◆ EXERCISE INSTRUCTIONS ◆
All that is wanted is the line with "If you're having" and each line after it to the end of the data below, set down exactly and without pictures.

◆ COLLECTED DATA ◆
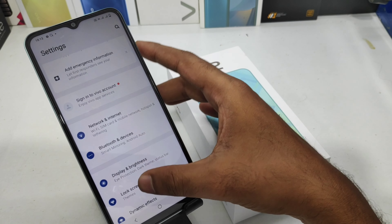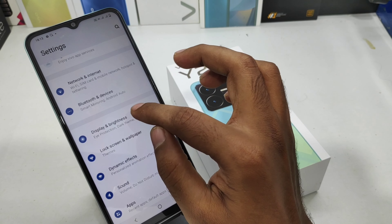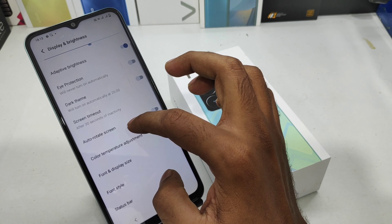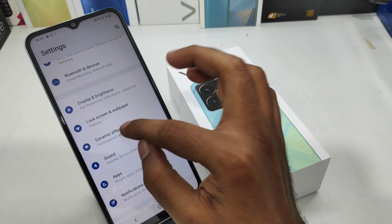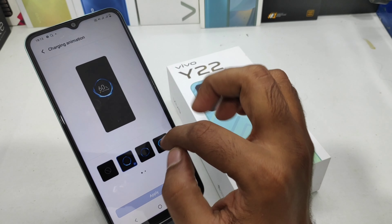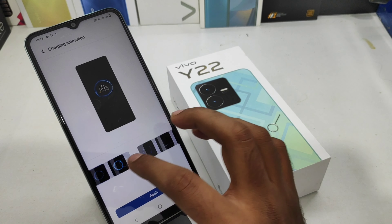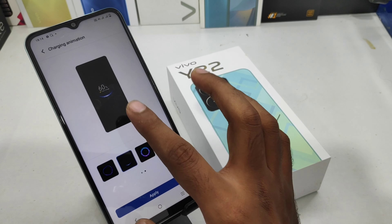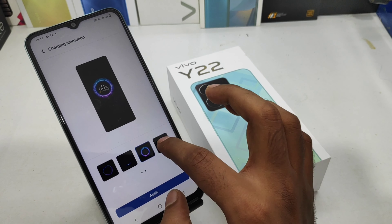First of all, open the Settings on this device. After that, scroll down and you can see the Display and Brightness option — click on that. Then select Dynamic Effect, then select Charging Animation, and choose your charging animation. You can see a sample preview on the screen.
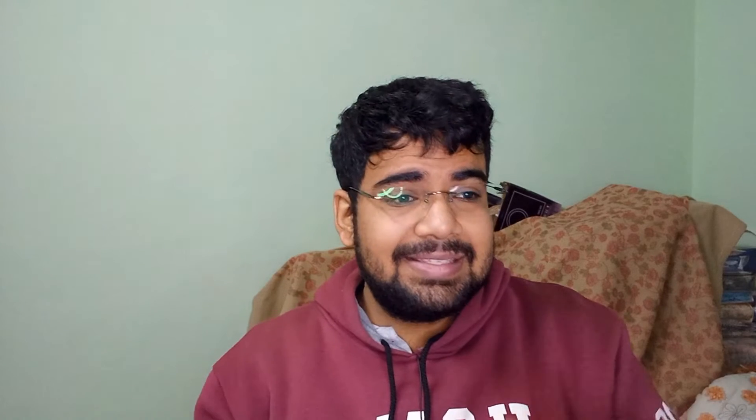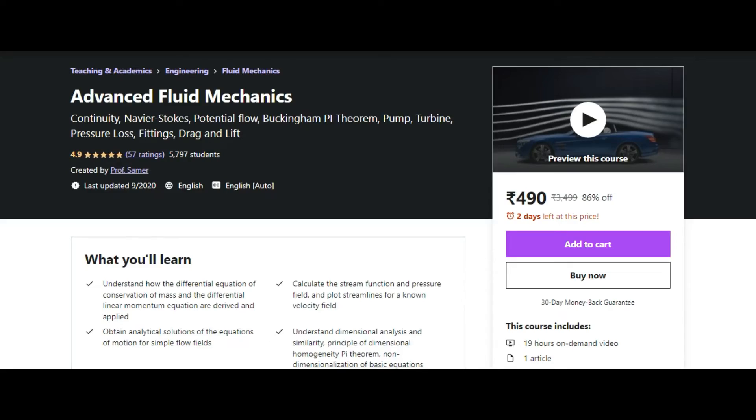If you're having difficulty solving problems and need special tuition, there's 'Fluid Mechanics Basics' by Corpy John on Udemy — just one hour long, and you can ask him questions. There's also 'Advanced Fluid Mechanics' by Professor Sammer on Udemy — a pretty long, in-depth engineering course where you'll understand a lot more about the subject.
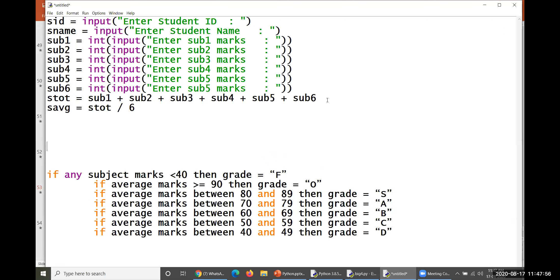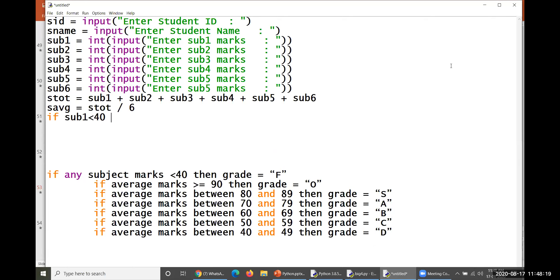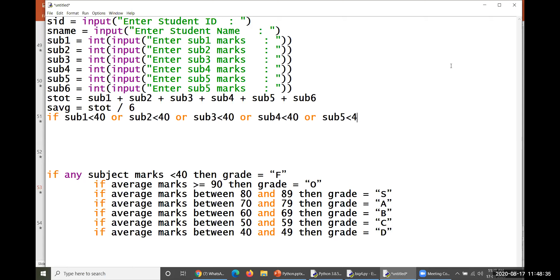If any one subject is less than 40 — if sub1 < 40 or sub2 < 40 or sub3 < 40 or sub4 < 40 or sub5 < 40 or sub6 < 40 — then the student grade will be 'M' (fail grade).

◆ TASK RESULT ◆
If you're having difficulty solving problems and need special tuition, there's 'Fluid Mechanics Basics' by Corpy John on Udemy — just one hour long, and you can ask him questions. There's also 'Advanced Fluid Mechanics' by Professor Sammer on Udemy — a pretty long, in-depth engineering course where you'll understand a lot more about the subject.
If any one subject is less than 40 — if sub1 < 40 or sub2 < 40 or sub3 < 40 or sub4 < 40 or sub5 < 40 or sub6 < 40 — then the student grade will be 'M' (fail grade).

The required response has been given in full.